4) Check if a day is weekend day or a working day. Your script will take day as an input.
What is the day today? Saturday
Saturday is a weekend.
What is the day today? saturDaY
Saturday is a weekend.
What is the day today? Friday
Friday is a working day.
What is the day today? FrIDAy
Friday is a working day.
In this case, I should uppercase the first letter, and lowercase the rest. At first I tried uppercasing the first letter using string, but I didn’t have any idea how I should treat other letters. I searched stackoverflow and found out that I could use slice() method. From the things I’ve learned, I think the substring() is the nearest thing to slice(). It did its job too.
Another part that made me struggle is the displaying part. I first tried 'dayInput[0].toUpperCase()'+'dayInput.slice(1).toLowerCase' but the result was undefined. Then I tried to use concat()(dayInput.concat('dayInput[0].toUpperCase()','dayInput.slice(1).toLowerCase');) but it wouldn’t work either. I searched again, and found out that I should use the template literals(or string interpolation method) like below.
let dayInput = prompt('What day is it today?');
let day = `${dayInput[0].toUpperCase()}${dayInput.slice(1).toLowerCase()}`
/*
substring(1) in the place of slice(1) would also work
They both select from the second letter of a word to the end.
*/
switch (day) {
case 'Saturday':
case 'Sunday':
console.log(`${day} is a weekend.`);
break;
case 'Monday':
case 'Tuesday':
case 'Wednesday':
case 'Thursday':
case 'Friday':
console.log(`${day} is a working day.`);
break;
};
To only capitalize the first letter of a word, first split a word with
slice()orsubstring(). Then usetoUpperCase()andtoLowerCase().
Using a string template(string interpolation method), I can add expressions in the string. Expressions could be a value, or some operations(comparison, arithmetic operation, or ternary operation).
👟Level 3.
1) Write a program which tells the number of days in a month.
Enter a month: January
January has 31 days.
Enter a month: JANUARY
January has 31 day
Enter a month: February
February has 28 days.
Enter a month: FEbruary
February has 28 days.
In this case, I should capitalize the user input of month and also case the inputs down to 3(having 28, 30, or 31 days). I used default in the end to make the code more readable, but for the accuary I can specify all the months too.
let monthInput = prompt('What month is it now?');
let month = `${monthInput[0].toUpperCase()}${monthInput.substring(1).toLowerCase()}`;
switch (month) {
case 'February':
console.log(`${month} has 28 days.`);
break;
case 'April' || 'June' || 'September' || 'November':
console.log(`${month} has 30 days.`);
break;
default:
console.log(`${month} has 31 days.`);
break;
};
Don’t forget to add back-ticks(``) when using string template expressions(${ })!
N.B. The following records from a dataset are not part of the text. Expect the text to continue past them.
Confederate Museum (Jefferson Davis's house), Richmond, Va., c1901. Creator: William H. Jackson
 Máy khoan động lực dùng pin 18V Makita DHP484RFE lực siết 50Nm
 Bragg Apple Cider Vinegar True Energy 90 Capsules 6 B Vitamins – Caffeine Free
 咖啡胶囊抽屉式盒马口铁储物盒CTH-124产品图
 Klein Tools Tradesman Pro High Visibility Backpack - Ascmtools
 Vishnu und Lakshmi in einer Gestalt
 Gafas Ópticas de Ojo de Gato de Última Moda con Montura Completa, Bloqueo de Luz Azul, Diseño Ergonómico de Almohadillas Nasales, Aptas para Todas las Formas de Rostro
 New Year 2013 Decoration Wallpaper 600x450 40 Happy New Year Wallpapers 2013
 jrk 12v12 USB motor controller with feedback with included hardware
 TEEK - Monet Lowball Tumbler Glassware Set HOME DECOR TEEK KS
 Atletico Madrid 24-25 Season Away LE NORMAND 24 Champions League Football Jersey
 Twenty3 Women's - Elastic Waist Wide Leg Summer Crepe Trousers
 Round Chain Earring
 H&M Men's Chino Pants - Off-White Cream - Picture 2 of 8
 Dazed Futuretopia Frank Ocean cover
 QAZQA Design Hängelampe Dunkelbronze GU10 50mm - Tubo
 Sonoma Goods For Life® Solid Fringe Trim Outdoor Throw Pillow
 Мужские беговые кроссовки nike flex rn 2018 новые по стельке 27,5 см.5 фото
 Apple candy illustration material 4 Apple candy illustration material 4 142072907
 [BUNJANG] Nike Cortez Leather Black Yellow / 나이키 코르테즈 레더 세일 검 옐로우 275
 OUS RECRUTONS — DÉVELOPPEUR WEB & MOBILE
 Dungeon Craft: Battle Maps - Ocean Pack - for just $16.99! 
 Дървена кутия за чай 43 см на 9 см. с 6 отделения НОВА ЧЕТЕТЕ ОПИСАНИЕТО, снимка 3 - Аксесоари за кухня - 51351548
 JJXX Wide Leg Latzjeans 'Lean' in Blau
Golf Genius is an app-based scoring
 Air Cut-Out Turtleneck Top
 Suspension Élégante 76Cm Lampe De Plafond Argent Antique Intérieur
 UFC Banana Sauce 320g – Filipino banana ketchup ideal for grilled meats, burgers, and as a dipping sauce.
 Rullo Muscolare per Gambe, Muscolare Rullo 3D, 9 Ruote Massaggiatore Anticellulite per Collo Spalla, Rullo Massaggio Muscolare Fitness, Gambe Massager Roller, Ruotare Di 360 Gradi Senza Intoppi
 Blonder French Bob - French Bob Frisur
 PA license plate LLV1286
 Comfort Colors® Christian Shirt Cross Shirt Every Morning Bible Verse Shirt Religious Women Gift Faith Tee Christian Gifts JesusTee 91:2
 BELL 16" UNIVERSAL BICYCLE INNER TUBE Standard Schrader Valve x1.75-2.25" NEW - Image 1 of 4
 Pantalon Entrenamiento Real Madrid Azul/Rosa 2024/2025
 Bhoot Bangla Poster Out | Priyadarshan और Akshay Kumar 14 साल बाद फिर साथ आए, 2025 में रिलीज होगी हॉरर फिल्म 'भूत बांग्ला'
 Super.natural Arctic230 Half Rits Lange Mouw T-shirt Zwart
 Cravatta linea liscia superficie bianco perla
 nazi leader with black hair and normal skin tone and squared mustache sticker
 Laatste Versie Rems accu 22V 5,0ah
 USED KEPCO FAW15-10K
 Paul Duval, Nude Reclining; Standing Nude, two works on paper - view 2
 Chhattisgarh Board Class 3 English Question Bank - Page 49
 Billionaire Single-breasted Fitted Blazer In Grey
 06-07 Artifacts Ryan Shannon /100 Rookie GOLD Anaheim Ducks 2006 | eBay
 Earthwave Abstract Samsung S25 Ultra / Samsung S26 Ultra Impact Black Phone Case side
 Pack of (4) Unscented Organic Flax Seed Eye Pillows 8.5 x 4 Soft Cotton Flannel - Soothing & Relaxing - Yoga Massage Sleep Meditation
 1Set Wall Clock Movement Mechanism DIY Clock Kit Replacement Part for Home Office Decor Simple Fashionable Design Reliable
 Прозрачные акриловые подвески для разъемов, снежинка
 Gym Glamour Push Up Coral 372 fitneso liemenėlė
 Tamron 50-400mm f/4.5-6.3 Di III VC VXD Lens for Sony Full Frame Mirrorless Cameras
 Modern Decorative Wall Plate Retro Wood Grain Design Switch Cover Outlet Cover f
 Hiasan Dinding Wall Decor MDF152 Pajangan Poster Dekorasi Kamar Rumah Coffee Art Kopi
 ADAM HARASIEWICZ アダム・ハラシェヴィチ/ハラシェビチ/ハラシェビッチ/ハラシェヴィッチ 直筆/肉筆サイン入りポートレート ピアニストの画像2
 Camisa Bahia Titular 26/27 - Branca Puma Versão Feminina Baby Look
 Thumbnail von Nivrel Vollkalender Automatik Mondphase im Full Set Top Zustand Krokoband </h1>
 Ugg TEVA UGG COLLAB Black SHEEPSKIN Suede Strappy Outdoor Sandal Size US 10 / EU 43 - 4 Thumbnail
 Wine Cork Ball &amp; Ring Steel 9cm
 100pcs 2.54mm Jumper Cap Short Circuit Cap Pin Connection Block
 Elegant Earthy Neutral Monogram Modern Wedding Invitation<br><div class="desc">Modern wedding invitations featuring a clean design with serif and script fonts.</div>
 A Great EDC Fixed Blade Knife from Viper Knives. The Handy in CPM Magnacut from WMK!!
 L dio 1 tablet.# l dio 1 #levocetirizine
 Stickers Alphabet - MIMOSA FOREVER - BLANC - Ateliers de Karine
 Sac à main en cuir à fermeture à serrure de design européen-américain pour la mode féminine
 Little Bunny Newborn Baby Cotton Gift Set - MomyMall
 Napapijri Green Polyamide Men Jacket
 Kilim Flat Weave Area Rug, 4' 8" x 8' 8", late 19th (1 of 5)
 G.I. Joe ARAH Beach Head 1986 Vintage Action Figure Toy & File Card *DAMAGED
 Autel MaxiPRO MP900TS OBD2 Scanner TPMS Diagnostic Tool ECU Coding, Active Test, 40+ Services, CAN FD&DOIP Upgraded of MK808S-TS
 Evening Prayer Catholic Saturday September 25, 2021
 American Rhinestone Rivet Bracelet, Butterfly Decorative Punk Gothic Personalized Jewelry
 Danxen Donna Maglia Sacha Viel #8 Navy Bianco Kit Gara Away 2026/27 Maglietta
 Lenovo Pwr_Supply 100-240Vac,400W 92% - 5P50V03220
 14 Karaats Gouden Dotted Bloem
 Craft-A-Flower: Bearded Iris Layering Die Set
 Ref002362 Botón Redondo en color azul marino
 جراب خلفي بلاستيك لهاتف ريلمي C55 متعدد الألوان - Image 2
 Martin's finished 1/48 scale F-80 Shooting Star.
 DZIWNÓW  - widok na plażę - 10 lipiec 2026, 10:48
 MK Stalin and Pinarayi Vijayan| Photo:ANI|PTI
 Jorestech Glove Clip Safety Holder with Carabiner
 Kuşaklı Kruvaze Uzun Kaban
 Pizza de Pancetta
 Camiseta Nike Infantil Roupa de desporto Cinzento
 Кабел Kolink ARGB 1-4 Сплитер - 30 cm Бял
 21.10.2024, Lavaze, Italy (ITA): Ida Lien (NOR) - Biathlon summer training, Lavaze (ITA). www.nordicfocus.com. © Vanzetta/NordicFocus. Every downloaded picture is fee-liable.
2) Write a program which tells the number of days in a month, now consider leap year.
In the leap year, February has 29 days. Leap year can be identified by two ways.
- the number of the year should be divisible by 4, but not divisible by 100.
- the number of the year should be divisible by both 400.
From these, I could use an if condition.
let yearInput = prompt('What year is it now?');
let monthInput = prompt('What month is it now?');
let month = `${monthInput[0].toUpperCase()}${monthInput.substring(1).toLowerCase()}`;
if (((yearInput%4 == 0) && (yearInput%100 != 0)) || (yearInput%400 == 0)) {
switch (month) {
case 'February':
console.log(`${month} has 29 days.`);
break;
case 'April' || 'June' || 'September' || 'November':
console.log(`${month} has 30 days.`);
break;
default:
console.log(`${month} has 31 days.`);
break;
};
} else {
switch (month) {
case 'February':
console.log(`${month} has 28 days.`);
break;
case 'April' || 'June' || 'September' || 'November':
console.log(`${month} has 30 days.`);
break;
default:
console.log(`${month} has 31 days.`);
break;
};
};
I used if else condition operator, and it worked. I thought about making the code shorter, by only specifying the case of February. But getting condition more complicated actually made the code longer. If you have any idea on this, the comment section below is always open!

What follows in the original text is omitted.